VTune, when fully configured for your application and operating system, can identify performance issues at several levels of granularity from system-level to microarchitecture-level. As a tool for developers, it is extremely valuable since it has a global view at all granularities. OS performance counters can also be monitored and correlated to instruction-level hotspots. By using this correlation, we can answer questions such as "When the memory use in our system begins to ramp, what happens to our applications CPU usage?" If the source code in your test application is hooked into the VTune application, we can also drill down from the application level into threads and down to code functions.
It is impossible to outline all the features of VTune and indeed many of these tools described in this paper, however, the interested reader is directed to the references.
Intel Thread Checker
The Intel Thread Checker is a plug-in for the VTune debugging environment. It can be used to locate hard to find threading errors such as race conditions and deadlocks.
The system activity reporter (sar) is a lightweight open source tool licensed under GPL that is used for collecting system-wide performance measures. The tool is generally installed by default on Linux, however, sometimes it may need to be installed using the sysstats package. Like top and ps, sar collects data from operating system counters via the proc file system. It provides performance data at system-level granularity reporting on a wide variety of metrics such as CPU usage, disk IO, memory, network IO, and IRQ. The tool can update these values at intervals of a minimum of 1 second.
sar can only provide information at system-level granularity and is used only to provide snapshots and overviews of overall system performance. Spurious or unexpected measurements from sar can be a first indication of performance issues of the system as a whole or of a single process or group of processes. It can be configured to run in the background, constantly providing a readily accessible database of system performance at any second during the day.
Linux Trace Toolkit (LTT) consists of a kernel patch and tool chain that gives the user the ability to trace events on the system. These events can be system kernel events (such as context switches, or system calls, and so on) or any application-level event. It is GPL licensed and has minimum impact to the run-time performance of traced applications.
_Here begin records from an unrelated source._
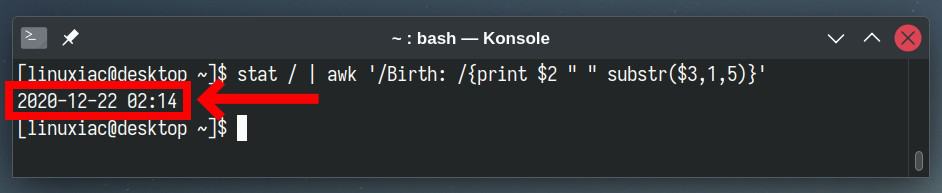 Find the exact date and time when Linux was installed.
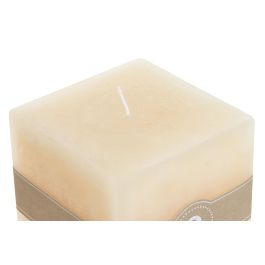 DKD Home Decor Vela de Cera Cuadrada Crema 10x10x10 cm Pack de 6 Unidades, 85 horas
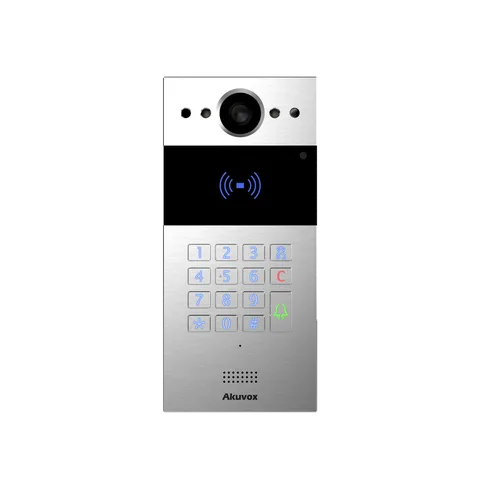 Akuvox R20K apartment building intercom door station, silver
It can be used to isolate performance problems on parallel and real-time systems and analyze application timing. Any code that the user would like to be analyzed needs to be recompiled to be instrumented by LTT.
Alternatively, LTTng (Next Generation) is also available, which adds features such as a GUI Trace Viewer. See Figure 9.
The iostat command is used for monitoring system input/output block device loading. With multiple block devices in the system, it can be useful to determine which device(s) is currently the bottleneck. iostat provides a per device view of the number of transfers per second on each device as well as read and write rates. See Figure 10, for an example of the "extended iostat device" only output during a large file copy. Note: Observe the temporary increase in device activity while the file was being copied.
iotop is a Python program with a top-like user interface that can be used to associate processes with I/O. It requires Python version 2.5 or greater and a Linux kernel version 2.6.20 or later with the TASK_DELAY_ACCT and TASK_IO_ACCOUNTING options enabled. Therefore, a potential recompilation of the kernel may be required if these options have not been enabled by default. iotop is licensed under GPL. iotop provides data regarding the amount of Disk IO occurring within the system on a per process basis. This lets users determine which applications are using the disk(s) the most.